Is every square root of an integer a linear combination of cosines of $\pi$-rational angles? For example, $\sqrt 2 = 2 \cos (\pi/4)$, $\sqrt 3 = 2 \cos(\pi/6)$, and $\sqrt 5 = 4 \cos(\pi/5) + 1$. Is it true that any integer's square root can be expressed as a (rational) linear combinations of the cosines of rational multiples of $\pi$?

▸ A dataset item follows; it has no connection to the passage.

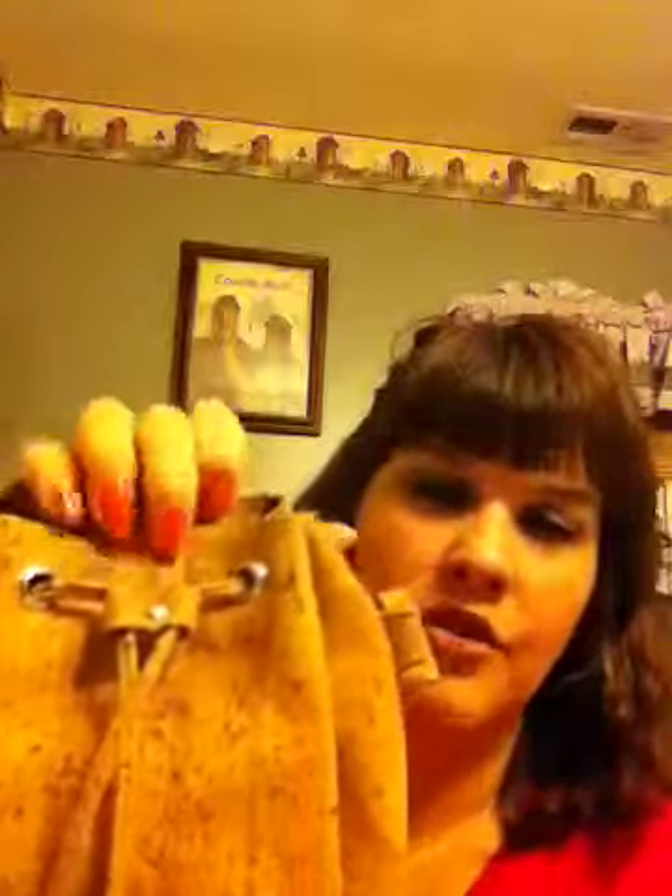I like the shape. I like how it's oval on the bottom and has the little pleats. I've always loved a drawstring bag, so when you undo the little magnetic snap it is a drawstring.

Products of linear combinations of cosines of rational multiples of $\pi$ are themselves such linear combinations, so it only needs to be true of primes. But I do not know, for example, a representation of $\sqrt 7$ in this form.
 A: Someone should actually record the formula. If $p$ is a prime $\equiv 1 \bmod 4$, then 
$$\sqrt{p} = \sum_{k=1}^{p-1} \left( \frac{k}{p} \right) \cos \frac{2 k \pi}{p}$$
where $\left( \tfrac{k}{p} \right)$ is the quadratic residue symbol. Note that $\left( \tfrac{k}{p} \right) = \left( \tfrac{p-k}{p} \right)$, so every term appears twice. 

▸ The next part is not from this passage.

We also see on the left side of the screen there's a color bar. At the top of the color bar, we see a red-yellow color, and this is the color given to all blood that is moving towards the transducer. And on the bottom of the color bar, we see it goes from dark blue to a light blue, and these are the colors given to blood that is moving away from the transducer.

Similarly, if $p \equiv 3 \bmod 4$, then 
$$\sqrt{p} = \sum_{k=1}^{p-1} \left( \frac{k}{p} \right) \sin \frac{2 k \pi}{p}.$$
Again, $k$ and $p-k$ make the same contribution. 

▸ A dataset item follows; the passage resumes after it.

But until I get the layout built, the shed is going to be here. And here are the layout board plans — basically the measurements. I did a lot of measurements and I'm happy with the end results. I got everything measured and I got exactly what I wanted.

These are usually both written together as
$$\sqrt{(-1)^{(p-1)/2} p} = \sum_{k=1}^{p-1} \left( \frac{k}{p} \right) \exp \frac{2 k \pi i}{p}.$$
This is a formula of Gauss.
A: Yes, that is true. The general case is the Kronecker-Weber theorem as Lucia mentioned in the comments. For square roots one can be more explicit and prove $\mathbb{Q}(\zeta_p) \cap \mathbb{R} = \mathbb{Q}[\sqrt{ (-1)^{(p-1)/2} p }]$ for odd prime numbers $p$ using properties of the Legendre symbol. Therefore you can write $\sqrt{p}$ either as $\mathfrak{Re}(\sqrt{p})$ or $\mathfrak{Im}(\sqrt{-p})$ depending on $p\mod 4$ so that you can write it as rational (in fact: integral) linear combination of real- or imaginary parts of powers of $\zeta_p$, i.e. cosine or sine values.